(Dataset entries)
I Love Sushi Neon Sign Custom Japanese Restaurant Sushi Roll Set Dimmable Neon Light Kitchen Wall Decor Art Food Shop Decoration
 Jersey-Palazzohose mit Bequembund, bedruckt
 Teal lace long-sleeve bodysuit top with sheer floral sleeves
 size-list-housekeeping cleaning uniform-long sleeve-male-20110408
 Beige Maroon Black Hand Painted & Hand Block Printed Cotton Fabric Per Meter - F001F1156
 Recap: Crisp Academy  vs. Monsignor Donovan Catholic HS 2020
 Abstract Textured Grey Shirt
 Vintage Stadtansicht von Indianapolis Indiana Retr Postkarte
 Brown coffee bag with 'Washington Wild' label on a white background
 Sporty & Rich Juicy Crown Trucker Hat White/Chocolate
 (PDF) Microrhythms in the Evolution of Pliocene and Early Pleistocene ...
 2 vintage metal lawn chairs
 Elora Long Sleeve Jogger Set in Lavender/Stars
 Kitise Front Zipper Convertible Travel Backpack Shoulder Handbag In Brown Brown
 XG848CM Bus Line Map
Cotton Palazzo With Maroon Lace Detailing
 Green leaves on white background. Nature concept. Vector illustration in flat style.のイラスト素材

- [How to complete this task] Starting at the first line of the records above, please copy every line exactly through the line containing "Beige Maroon Black", and stop there.

- [Expected answer]
I Love Sushi Neon Sign Custom Japanese Restaurant Sushi Roll Set Dimmable Neon Light Kitchen Wall Decor Art Food Shop Decoration
 Jersey-Palazzohose mit Bequembund, bedruckt
 Teal lace long-sleeve bodysuit top with sheer floral sleeves
 size-list-housekeeping cleaning uniform-long sleeve-male-20110408
 Beige Maroon Black Hand Painted & Hand Block Printed Cotton Fabric Per Meter - F001F1156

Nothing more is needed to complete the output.